Mais, pour lui, ce néant serait une des possibilités du travail créateur et peut-être la meilleure voie, une véritable chance. Il serait peut-être proche de la pensée des taoïstes. Vers la fin de sa vie, il écrit en des formules en partie énigmatiques : « Mon art est tout porté sur cette pureté, sur cette philosophie du néant qui n’est pas un néant de destruction, mais un néant de création. Et l’entaille, le trou, ce n’est pas la destruction du tableau, c’est bien une dimension au-delà du tableau. » Il vise alors l’infini : « Je veux ouvrir un espace, créer une nouvelle dimension de l’art, entrer en rapport avec le cosmos qui s ‘étend à l’infini au-delà de la surface du tableau. » Il cherche l’impossible : « Avec ses inventions, l’homme a, depuis une centaine d’années, engagé l’humanité vers l’impossible. »

Tu observes alors la variété heureuse des trous.
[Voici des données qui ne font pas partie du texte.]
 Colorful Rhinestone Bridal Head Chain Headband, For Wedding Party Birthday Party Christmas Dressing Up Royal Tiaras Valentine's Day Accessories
Une taxinomie des béances étudie leurs aspects, leur grandeur, l’état des bords, la matière des supports transpercés, la couleur privilégiée… Dans certaines œuvres, des pierres, des éclats de verre, des paillettes mettent en évidence les aspérités de la surface accidentée… Telle série des œuvres se nomme Quanta ; elle évoque l’hypothèse des « quanta » d’énergie, que Planck, Einstein, Bohr ont étudiée…

Certaines œuvres (1961) s’intitulent Venezie en hommage aux coupoles de Saint-Marc, au miroitement de l’eau… Avec des plaques (en cuivre, en laiton, en aluminium), il évoque les gratte-ciel de New-York : Metalli (1961-1968)… Trente-huit toiles parmi les plus célèbres (1963-1964) de Fontana s’appellent Fine di Dio. Pour Fontana, « la fin de Dieu signifie l’inconcevable, la fin de la figuration, le début de rien » ; et ces ovales transpercées sont aussi nommées : Les œufs célestes… Se trouvent aussi cent soixante-dix Teatrini (Les petits théâtres) entre 1964 et 1966 ; ils comportent des toiles et des cadres (raffinés et découpés) en bois laqué ; ces Teatrini proposent des arabesques, des paysages, des silhouettes.
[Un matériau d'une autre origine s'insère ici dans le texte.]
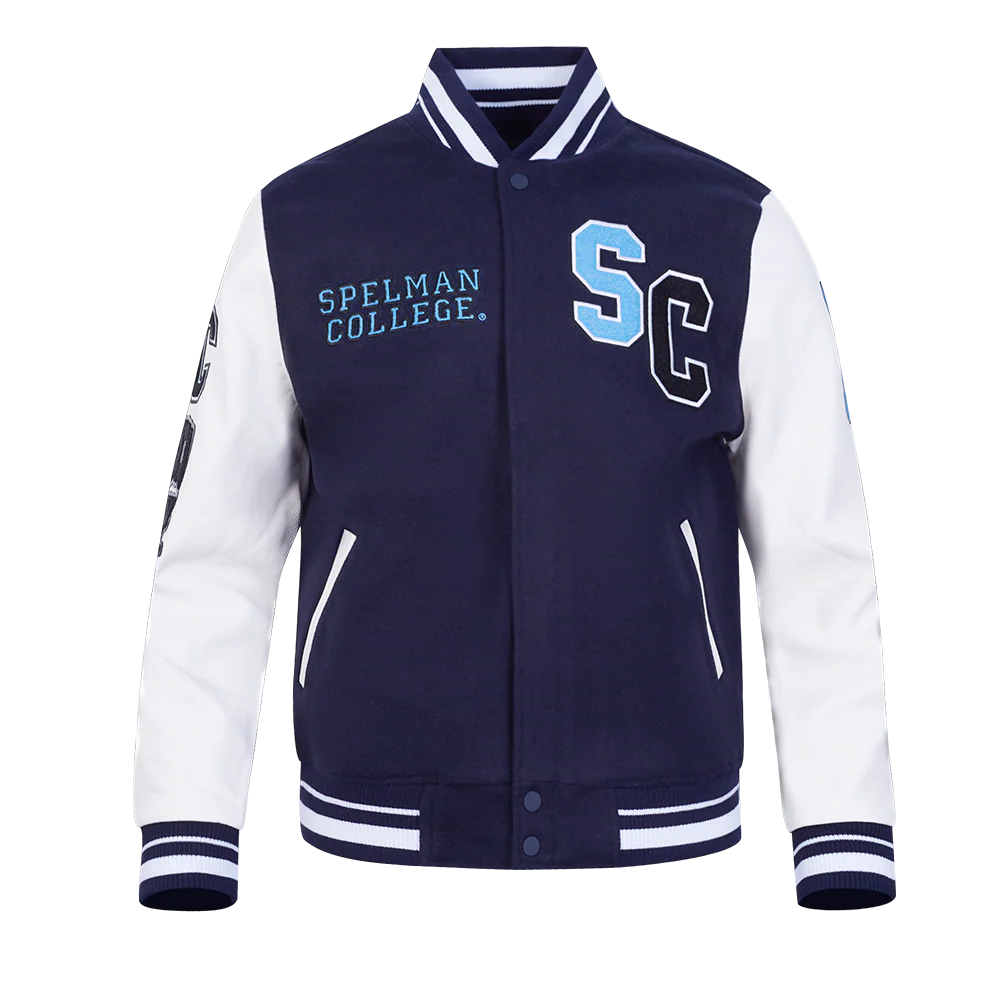 SPELMAN COLLEGE CLASSIC RIB VARSITY JACKET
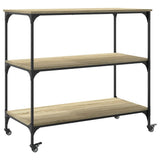 Kitchen Trolley Sonoma Oak 102x50x95 cm Engineered Wood 842322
Tu erres devant les œuvres de 1926 à 1968. À tels moments, tu perçois des spirales, des cercles, des ovales, des tourbillons, des figures flottantes, des dispersions (régulières ou irrégulières), des constellations, etc. Ou bien, les fentes évoquent le sexe des femmes. Tu relis, alors, un poème de Saint-John Perse : « Étroite la mesure, étroite la césure qui rompt en son milieu le corps de la femme, comme le mètre antique. » Et le peintre Ad Reinhard trouvait, paraît-il, les œuvres de Fontana « trop érotiques ».
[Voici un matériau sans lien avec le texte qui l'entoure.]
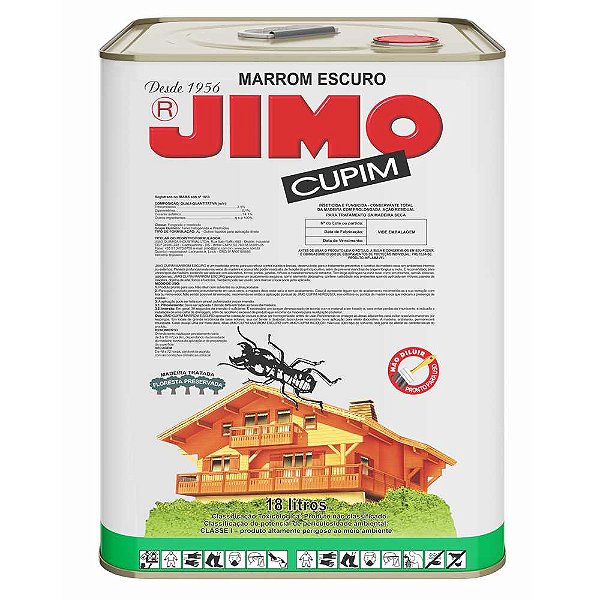 Jimo cupim marrom lata 18 Litros JIMO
En 1959-1960, Fontana sculpte les boules en terre cuite, creusées et fendues ; certaines d’entre elles sont éditées en bronze. Ces boules s’intitulent les Nature. Elles sont toujours montrées en groupe. En argot italien, le mot Natura désigne parfois le sexe d’une femme. Fontana note devant ces boules : « J’ai pensé en les réalisant à des mondes inconnus, aux astres. » Consciemment ou non, Fontana s’oppose à la conception de l’Être, selon Parménide, qui serait une sphère parfaite, s’équilibrant partout elle-même. Fontana est du côté de l’éclatement de la sphère. L’Être peut être perforé, brisé.